## Work required
From the data that follows, print exactly the lines starting at the one containing "Second view of" and ending at the one containing "Poster deer family"; include both of them and nothing more.

[Items from a data source]
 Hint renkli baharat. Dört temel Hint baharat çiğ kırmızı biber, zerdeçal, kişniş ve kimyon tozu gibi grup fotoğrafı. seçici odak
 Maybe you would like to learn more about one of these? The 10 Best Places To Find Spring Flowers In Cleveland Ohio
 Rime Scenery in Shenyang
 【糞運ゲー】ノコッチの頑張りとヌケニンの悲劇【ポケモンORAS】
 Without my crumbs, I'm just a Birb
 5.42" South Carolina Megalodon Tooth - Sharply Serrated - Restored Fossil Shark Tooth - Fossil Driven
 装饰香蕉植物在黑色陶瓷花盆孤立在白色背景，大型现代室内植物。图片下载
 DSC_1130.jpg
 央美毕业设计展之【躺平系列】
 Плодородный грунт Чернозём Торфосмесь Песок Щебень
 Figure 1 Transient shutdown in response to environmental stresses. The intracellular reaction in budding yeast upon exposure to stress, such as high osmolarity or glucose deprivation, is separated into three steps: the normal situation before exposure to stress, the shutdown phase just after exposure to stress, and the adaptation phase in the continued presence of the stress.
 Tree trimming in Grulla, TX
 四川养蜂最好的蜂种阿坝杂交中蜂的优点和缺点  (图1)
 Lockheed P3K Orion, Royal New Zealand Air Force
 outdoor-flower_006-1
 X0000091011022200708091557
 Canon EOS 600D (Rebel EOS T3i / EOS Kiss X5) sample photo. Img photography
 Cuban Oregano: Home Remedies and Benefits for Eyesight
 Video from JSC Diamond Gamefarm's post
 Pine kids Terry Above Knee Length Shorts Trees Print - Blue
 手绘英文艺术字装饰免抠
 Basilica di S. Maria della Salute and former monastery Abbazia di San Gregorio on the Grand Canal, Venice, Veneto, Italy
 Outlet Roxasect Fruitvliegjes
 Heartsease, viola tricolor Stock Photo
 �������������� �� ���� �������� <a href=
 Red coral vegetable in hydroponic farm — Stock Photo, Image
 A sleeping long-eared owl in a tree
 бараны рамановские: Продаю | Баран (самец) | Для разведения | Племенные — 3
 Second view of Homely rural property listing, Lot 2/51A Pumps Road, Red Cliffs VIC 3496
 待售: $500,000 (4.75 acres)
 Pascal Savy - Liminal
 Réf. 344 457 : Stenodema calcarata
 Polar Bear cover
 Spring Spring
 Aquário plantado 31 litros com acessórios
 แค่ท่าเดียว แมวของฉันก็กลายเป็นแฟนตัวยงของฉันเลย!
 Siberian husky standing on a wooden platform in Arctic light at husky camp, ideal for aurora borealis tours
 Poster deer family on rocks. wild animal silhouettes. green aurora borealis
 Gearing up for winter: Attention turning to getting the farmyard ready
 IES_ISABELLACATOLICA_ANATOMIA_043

## Solved problem
 Second view of Homely rural property listing, Lot 2/51A Pumps Road, Red Cliffs VIC 3496
 待售: $500,000 (4.75 acres)
 Pascal Savy - Liminal
 Réf. 344 457 : Stenodema calcarata
 Polar Bear cover
 Spring Spring
 Aquário plantado 31 litros com acessórios
 แค่ท่าเดียว แมวของฉันก็กลายเป็นแฟนตัวยงของฉันเลย!
 Siberian husky standing on a wooden platform in Arctic light at husky camp, ideal for aurora borealis tours
 Poster deer family on rocks. wild animal silhouettes. green aurora borealis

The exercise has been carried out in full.